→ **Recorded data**
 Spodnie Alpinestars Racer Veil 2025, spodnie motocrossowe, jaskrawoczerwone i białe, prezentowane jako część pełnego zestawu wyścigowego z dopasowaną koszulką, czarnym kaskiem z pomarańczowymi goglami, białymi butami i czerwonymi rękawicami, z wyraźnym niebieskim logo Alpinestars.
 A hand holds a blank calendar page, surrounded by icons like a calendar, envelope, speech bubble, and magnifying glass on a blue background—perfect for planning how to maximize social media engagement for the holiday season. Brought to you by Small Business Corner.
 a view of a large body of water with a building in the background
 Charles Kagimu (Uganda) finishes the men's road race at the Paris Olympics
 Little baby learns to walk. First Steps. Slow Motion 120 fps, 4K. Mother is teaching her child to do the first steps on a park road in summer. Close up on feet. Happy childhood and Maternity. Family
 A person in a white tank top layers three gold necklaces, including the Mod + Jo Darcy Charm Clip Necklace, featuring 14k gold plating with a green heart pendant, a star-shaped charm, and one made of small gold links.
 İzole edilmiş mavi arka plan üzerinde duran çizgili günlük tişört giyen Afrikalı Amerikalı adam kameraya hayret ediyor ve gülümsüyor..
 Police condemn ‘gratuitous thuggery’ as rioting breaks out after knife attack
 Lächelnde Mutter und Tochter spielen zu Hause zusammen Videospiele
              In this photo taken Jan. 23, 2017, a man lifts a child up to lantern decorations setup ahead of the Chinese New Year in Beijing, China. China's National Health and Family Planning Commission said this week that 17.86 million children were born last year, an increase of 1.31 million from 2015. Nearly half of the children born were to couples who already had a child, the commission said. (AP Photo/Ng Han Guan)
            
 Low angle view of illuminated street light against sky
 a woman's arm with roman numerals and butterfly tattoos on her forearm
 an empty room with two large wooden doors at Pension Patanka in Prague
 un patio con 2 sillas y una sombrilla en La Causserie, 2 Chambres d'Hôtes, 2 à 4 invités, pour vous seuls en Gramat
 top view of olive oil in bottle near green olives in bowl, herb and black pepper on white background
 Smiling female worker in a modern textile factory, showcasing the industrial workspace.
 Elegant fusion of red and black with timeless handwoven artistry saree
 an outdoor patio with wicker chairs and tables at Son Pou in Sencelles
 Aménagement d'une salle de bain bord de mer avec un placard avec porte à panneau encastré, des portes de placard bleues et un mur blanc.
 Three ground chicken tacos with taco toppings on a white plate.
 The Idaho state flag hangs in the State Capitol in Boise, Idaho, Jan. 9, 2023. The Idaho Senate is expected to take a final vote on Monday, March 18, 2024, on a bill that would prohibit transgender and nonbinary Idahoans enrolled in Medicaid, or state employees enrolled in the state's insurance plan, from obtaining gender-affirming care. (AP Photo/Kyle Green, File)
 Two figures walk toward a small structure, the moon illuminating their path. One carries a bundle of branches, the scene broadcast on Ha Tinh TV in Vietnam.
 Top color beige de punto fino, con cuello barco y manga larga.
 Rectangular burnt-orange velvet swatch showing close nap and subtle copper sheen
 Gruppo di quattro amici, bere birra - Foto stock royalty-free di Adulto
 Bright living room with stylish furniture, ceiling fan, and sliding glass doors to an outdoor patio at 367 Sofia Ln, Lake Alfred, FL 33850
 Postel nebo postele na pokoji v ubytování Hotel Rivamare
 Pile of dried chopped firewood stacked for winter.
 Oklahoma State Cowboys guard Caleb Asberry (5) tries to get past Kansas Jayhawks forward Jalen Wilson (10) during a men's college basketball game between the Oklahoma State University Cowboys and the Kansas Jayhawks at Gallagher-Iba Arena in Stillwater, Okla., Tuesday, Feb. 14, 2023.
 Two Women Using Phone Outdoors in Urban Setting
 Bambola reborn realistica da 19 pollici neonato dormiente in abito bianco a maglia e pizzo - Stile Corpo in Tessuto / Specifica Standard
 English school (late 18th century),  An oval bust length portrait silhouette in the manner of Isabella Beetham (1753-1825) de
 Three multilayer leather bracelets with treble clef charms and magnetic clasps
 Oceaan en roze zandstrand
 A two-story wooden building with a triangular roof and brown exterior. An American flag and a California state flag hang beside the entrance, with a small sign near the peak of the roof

→ **EXERCISE REQUIREMENTS**
When you reach the line holding "İzole edilmiş mavi" in the records above, begin reproducing exactly, stop after the line holding "Lächelnde Mutter und", and output nothing else.

→ **SOLUTION TO THE PROBLEM**
 İzole edilmiş mavi arka plan üzerinde duran çizgili günlük tişört giyen Afrikalı Amerikalı adam kameraya hayret ediyor ve gülümsüyor..
 Police condemn ‘gratuitous thuggery’ as rioting breaks out after knife attack
 Lächelnde Mutter und Tochter spielen zu Hause zusammen Videospiele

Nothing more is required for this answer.